# Fender Supersonic



## Jeff Flowerday (Jan 23, 2006)

Anyone taken one of these for a test drive yet? 

If so how was gain channel on it? Any similarities to the Prosonic?

http://www.fender.com/products/supersonic/


----------



## gproud (Mar 2, 2006)

I tried one the other day, and I gotta say, I was very impressed with it. The Gain channel was very good. The best Fender has ever done. Definitely a gig worthy amp. I played it through a Traynor Blue 2x12 w/ V-30's because the Fender Cabs are on back order, and it sounded great through it. I like the footswitchable Vibrolux/Bassman on the clean channel as well. Which also sounded great. I recommend giving it a whirl, I think people are going to be pleasantly surprised.


----------



## Yerffej (Feb 7, 2006)

I played the 212 combo. very very nice. it is comparable to the custom shop fenders. all handwired point to point and the gain channel was a welcome change from other fenders. definately worth a try


----------



## Jeff Flowerday (Jan 23, 2006)

Yerffej said:


> I played the 212 combo. very very nice. it is comparable to the custom shop fenders. all handwired point to point and the gain channel was a welcome change from other fenders. definately worth a try


It's not point to point from my understanding. If it was it would cost a heck of alot more.


----------



## bickertfan (Feb 23, 2006)

I tried the 1 12 combo and was not overly impressed. The vibrolux setting I found very thin, the bassman setting was decent. The gain channel I tried very quickly (I was mainly interested in the clean channel) and was impressed with. For me I expect excellent cleans and reverb from Fender and I just was'nt hearing it that day - not bad mind you but on first blush something like a peavey classic 30 seemd to do a better clean at 1/2 the price.


----------



## david henman (Feb 3, 2006)

bickertfan said:


> I tried the 1 12 combo and was not overly impressed. The vibrolux setting I found very thin, the bassman setting was decent. The gain channel I tried very quickly (I was mainly interested in the clean channel) and was impressed with. For me I expect excellent cleans and reverb from Fender and I just was'nt hearing it that day - not bad mind you but on first blush something like a peavey classic 30 seemd to do a better clean at 1/2 the price.

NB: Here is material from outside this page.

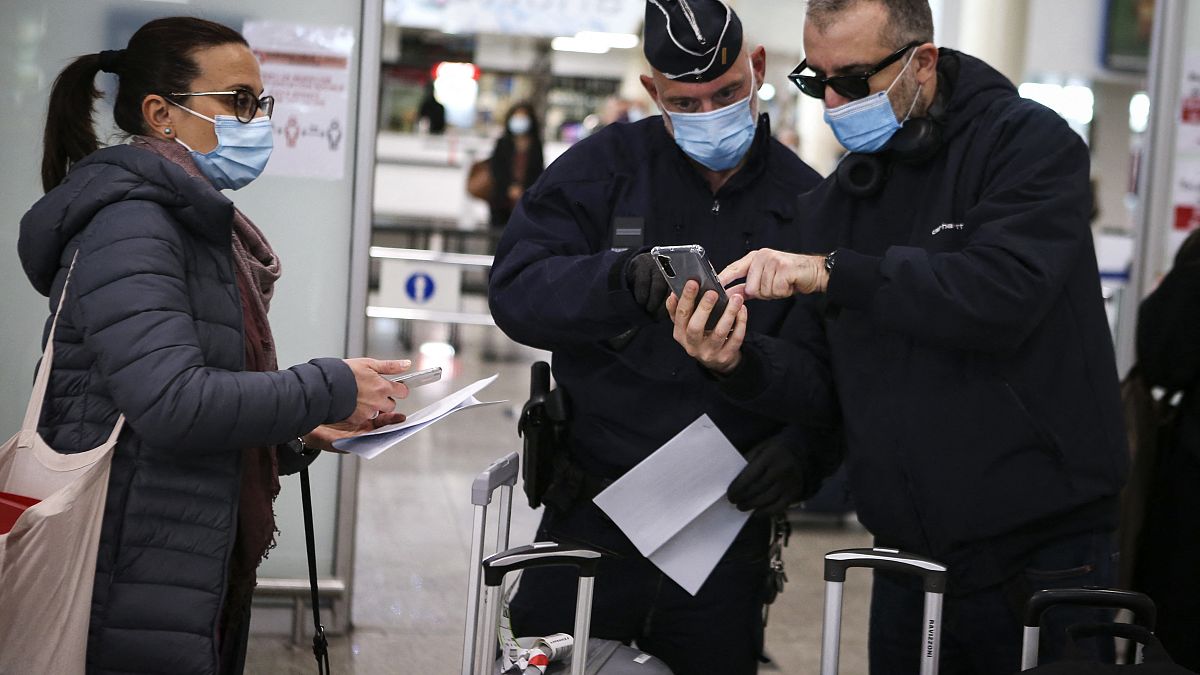 مراقبة الحدود في المطارات من طرف الشرطة الفرنسية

...the initial "word on the street" is that the supersonic is very "gimicky", another amp that tries too hard to do everything but in fact does nothing well. i plugged into one recently, and was completely underwhelmed, especially when i plugged into the much cheaper classic 30 sitting next to it.


----------



## Jeff Flowerday (Jan 23, 2006)

david henman said:


> ...the initial "word on the street" is that the prosonic is very "gimicky", another amp that tries too hard to do everything but in fact does nothing well. i plugged into one recently, and was completely underwhelmed, especially when i plugged into the much cheaper classic 30 sitting next to it.

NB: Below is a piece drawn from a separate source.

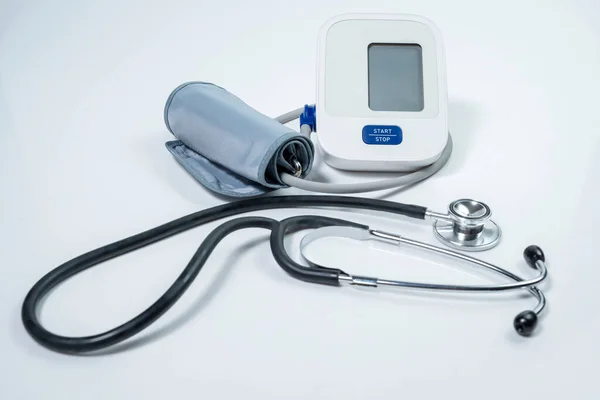Digital Monitor Measuring Blood Pressure White Background — Stock Photo, Image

You mean supersonic don't you? The prosonic does gain and clean only no Vibrolux and Bassman switches, etc etc. The prosonic is pretty decent with a couple quick mods.


----------



## gproud (Mar 2, 2006)

Jeff Flowerday said:


> You mean supersonic don't you? The prosonic does gain and clean only no Vibrolux and Bassman switches, etc etc. The prosonic is pretty decent with a couple quick mods.

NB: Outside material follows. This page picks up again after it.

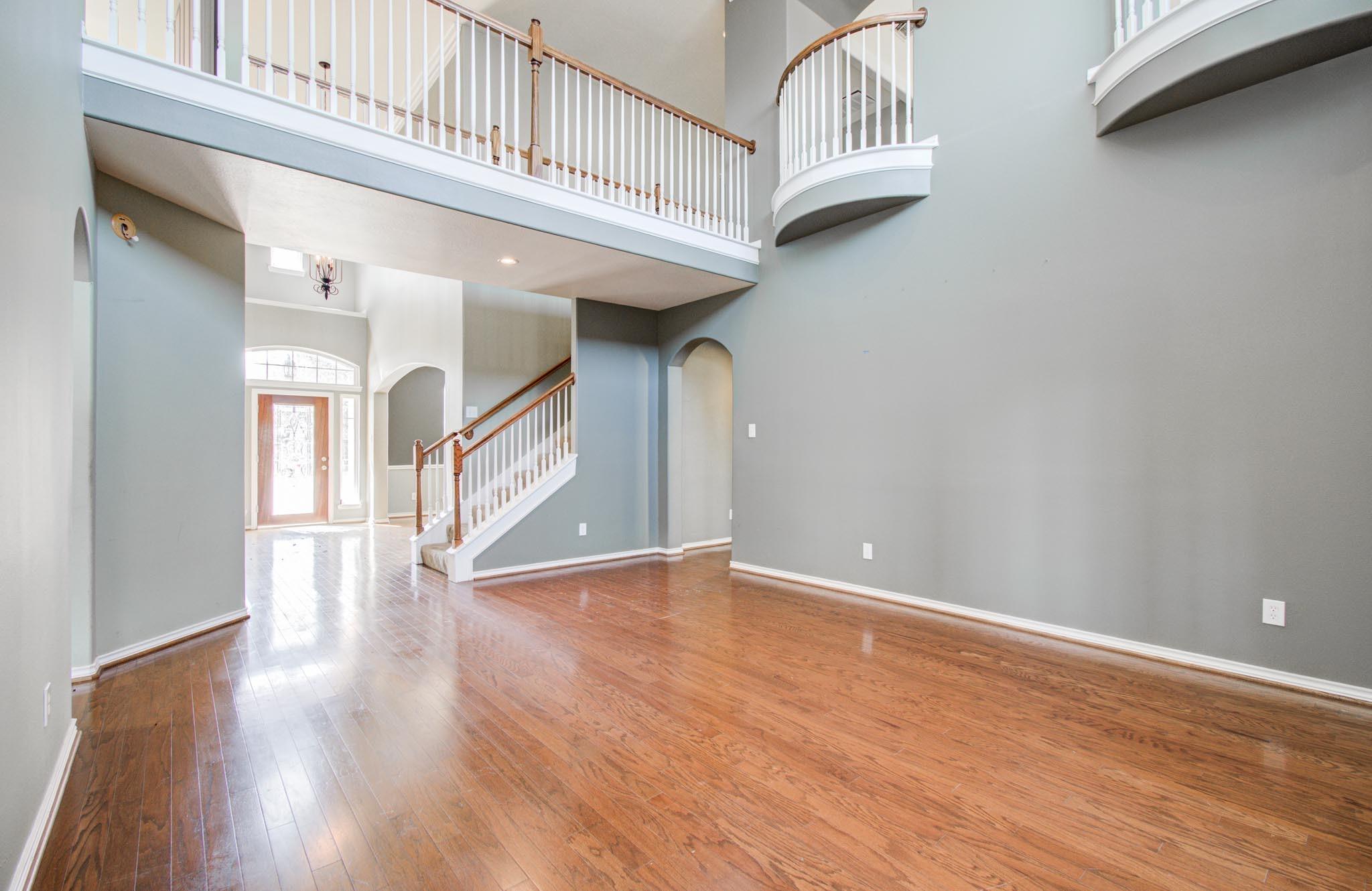 6124 Falkirk Court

From what I've heard, because I haven't tried one, is that the Prosonic isn't that great. But like I said in my previous post, I was very impressed with the Supersonic.


----------



## david henman (Feb 3, 2006)

Jeff Flowerday said:


> You mean supersonic don't you? The prosonic does gain and clean only no Vibrolux and Bassman switches, etc etc. The prosonic is pretty decent with a couple quick mods.


...oops!


----------



## Yerffej (Feb 7, 2006)

Jeff Flowerday said:


> It's not point to point from my understanding. If it was it would cost a heck of alot more.


then my co-workers have been misinforming. sorry about that


----------